For timestamped data such as logs and metrics, you typically add documents to a data stream made up of multiple auto-generated backing indices. 对于日志和指标等带时间戳的数据,您通常会将文档添加到由多个自动生成的后备索引组成的数据流中。
To add a single document to an index, submit an HTTP post request that targets the index. 要将单个文档添加到索引中,请提交一个针对该索引的 HTTP POST 请求。
POST /customer/_doc/1
{
"firstname": "Jennifer",
"lastname": "Walters"
}
This request automatically creates the customer index if it doesn’t exist, adds a new document that has an ID of 1, and stores and indexes the firstname and lastname fields. The new document is available immediately from any node in the cluster. You can retrieve it with a GET request that specifies its document ID:
如果 customer 索引不存在,此请求会自动创建它,添加一个 ID 为 1 的新文档,并存储和索引 firstname 和 lastname 字段。新文档可立即从集群中的任何节点访问。您可以使用指定文档 ID 的 GET 请求检索它:
GET /customer/_doc/1
To add multiple documents in one request, use the _bulk API. Bulk data must be newline-delimited JSON (NDJSON). Each line must end in a newline character (\n), including the last line.

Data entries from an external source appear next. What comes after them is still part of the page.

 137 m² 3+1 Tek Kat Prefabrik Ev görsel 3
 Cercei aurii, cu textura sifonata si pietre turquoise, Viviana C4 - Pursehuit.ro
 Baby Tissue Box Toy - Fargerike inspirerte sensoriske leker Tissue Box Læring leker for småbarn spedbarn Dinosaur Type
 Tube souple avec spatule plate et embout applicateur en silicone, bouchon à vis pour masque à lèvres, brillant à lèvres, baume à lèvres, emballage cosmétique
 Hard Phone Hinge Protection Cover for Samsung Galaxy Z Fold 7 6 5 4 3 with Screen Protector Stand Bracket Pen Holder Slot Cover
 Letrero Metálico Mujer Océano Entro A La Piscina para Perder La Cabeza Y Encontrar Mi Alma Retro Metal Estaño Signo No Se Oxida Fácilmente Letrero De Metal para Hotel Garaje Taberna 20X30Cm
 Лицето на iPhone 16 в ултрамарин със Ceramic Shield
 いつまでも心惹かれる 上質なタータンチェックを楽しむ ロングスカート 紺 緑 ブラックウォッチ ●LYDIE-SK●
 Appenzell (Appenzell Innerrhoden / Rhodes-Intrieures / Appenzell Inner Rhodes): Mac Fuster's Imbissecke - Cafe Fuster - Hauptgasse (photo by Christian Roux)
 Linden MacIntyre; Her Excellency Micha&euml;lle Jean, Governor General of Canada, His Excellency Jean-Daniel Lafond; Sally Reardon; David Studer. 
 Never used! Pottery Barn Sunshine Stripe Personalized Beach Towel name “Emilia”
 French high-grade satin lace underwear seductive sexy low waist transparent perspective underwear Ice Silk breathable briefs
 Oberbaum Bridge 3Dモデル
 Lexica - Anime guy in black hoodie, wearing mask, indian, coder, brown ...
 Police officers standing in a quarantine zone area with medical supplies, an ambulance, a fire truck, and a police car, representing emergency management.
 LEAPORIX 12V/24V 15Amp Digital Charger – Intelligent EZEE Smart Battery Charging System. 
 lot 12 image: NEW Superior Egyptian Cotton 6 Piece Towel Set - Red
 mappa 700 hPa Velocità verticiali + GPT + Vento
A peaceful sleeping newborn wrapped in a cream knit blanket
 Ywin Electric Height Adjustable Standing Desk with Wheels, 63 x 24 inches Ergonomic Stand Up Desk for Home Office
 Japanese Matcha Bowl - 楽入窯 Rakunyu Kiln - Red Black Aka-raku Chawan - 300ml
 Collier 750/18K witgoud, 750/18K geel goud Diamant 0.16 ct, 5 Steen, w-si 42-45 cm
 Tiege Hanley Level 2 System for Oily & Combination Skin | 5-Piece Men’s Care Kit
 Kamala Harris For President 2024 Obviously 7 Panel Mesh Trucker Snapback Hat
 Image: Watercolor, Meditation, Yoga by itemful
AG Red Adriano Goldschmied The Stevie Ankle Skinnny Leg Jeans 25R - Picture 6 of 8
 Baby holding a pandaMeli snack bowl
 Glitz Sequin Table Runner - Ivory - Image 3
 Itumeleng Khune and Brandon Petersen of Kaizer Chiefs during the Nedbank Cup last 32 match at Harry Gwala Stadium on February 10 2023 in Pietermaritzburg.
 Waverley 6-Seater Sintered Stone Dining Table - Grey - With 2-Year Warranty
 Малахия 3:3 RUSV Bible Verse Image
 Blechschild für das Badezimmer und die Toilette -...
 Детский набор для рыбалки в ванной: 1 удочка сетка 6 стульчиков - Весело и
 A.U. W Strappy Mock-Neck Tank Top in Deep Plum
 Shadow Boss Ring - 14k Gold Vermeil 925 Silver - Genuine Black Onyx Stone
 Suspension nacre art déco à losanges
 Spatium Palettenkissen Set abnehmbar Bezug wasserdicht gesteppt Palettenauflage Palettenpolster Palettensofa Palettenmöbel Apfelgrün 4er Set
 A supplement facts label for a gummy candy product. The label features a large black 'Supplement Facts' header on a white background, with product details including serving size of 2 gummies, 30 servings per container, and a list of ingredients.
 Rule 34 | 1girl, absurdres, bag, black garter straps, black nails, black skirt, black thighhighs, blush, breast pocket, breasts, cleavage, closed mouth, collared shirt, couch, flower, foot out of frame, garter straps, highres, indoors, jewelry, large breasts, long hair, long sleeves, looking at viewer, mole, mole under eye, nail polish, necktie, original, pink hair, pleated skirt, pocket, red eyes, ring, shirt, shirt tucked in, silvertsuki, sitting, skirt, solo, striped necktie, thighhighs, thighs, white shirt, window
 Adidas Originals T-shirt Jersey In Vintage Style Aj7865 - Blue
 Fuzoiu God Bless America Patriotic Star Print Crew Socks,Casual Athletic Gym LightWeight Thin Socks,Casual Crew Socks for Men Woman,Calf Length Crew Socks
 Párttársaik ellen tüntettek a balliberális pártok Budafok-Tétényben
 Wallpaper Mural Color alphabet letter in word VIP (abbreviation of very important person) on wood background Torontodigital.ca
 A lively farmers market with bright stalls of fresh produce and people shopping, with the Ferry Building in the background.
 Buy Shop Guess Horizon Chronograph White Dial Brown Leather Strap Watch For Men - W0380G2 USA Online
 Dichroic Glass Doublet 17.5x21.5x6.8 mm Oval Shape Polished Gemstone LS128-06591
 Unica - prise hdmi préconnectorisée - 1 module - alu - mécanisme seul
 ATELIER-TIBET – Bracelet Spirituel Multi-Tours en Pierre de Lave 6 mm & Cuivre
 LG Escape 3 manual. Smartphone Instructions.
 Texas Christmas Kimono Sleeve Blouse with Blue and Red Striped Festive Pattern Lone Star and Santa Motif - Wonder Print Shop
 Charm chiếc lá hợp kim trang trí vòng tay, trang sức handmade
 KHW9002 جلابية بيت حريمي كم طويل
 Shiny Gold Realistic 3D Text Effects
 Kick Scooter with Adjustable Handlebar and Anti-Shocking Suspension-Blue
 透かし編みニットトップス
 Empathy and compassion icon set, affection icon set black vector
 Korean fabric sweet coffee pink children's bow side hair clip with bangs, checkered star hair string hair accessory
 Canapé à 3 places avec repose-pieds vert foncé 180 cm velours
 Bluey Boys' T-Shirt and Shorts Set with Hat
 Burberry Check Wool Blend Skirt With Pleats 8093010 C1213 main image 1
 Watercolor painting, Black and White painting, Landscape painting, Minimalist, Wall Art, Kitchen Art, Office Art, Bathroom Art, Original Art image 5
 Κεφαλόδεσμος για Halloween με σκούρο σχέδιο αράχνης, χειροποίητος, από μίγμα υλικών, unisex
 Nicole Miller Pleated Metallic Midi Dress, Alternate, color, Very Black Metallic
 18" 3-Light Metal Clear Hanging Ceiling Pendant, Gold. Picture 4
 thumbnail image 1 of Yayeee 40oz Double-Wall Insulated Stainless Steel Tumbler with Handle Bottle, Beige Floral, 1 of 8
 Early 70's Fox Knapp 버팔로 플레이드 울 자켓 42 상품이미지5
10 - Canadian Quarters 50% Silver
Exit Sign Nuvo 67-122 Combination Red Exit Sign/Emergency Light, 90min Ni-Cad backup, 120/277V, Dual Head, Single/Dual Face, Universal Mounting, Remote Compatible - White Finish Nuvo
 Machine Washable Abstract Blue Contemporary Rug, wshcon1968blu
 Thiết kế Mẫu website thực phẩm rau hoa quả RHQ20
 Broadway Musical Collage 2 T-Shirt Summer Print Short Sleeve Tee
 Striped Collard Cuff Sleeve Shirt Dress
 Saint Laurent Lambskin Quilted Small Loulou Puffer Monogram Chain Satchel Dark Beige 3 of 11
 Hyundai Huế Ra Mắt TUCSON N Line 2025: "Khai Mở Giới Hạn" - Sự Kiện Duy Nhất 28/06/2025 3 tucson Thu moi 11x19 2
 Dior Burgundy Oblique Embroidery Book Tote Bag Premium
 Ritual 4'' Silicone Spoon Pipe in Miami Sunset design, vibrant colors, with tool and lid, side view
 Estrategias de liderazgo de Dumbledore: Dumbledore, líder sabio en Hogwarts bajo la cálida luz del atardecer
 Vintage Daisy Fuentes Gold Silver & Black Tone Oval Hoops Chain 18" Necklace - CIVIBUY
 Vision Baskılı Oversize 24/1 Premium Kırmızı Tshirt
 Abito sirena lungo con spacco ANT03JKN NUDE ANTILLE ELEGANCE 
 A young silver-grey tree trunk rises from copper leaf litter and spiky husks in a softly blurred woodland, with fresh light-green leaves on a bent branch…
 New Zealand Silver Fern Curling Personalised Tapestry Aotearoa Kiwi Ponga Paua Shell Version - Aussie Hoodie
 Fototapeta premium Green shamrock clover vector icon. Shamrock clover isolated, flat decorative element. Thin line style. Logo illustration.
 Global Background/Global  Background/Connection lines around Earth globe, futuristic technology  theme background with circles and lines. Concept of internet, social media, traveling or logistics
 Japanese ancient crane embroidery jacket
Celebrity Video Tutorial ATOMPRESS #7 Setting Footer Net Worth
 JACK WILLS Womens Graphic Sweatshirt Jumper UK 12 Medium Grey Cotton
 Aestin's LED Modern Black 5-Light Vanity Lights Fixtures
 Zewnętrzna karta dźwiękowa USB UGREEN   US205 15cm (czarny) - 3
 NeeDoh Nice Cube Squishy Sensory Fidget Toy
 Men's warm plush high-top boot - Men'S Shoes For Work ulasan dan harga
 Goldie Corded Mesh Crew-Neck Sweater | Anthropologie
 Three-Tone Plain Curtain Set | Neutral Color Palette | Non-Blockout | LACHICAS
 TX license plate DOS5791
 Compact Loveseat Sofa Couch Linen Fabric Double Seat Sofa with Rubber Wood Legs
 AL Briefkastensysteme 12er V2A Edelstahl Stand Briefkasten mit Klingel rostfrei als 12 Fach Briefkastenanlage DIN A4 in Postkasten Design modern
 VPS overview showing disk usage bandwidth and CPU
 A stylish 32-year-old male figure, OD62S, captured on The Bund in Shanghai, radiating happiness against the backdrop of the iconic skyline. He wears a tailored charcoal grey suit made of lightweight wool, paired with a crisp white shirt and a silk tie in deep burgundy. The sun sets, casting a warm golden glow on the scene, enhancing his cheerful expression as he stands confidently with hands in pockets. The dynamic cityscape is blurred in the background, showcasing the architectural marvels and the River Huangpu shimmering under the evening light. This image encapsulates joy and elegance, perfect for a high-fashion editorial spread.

要在一个请求中添加多个文档,请使用 _bulk API。批量数据必须是换行符分隔的 JSON (NDJSON)。每一行必须以换行符 (\n) 结尾,包括最后一行。
PUT customer/_bulk
{ "create": { } }
{ "firstname": "Monica","lastname":"Rambeau"}
{ "create": { } }
{ "firstname": "Carol","lastname":"Danvers"}
{ "create": { } }
{ "firstname": "Wanda","lastname":"Maximoff"}
{ "create": { } }
{ "firstname": "Jennifer","lastname":"Takeda"}
Search
搜索
Indexed documents are available for search in near real-time. The following search matches all customers with a first name of Jen. 索引后的文档可近乎实时地进行搜索。以下搜索匹配所有名字为 Jen 的客户。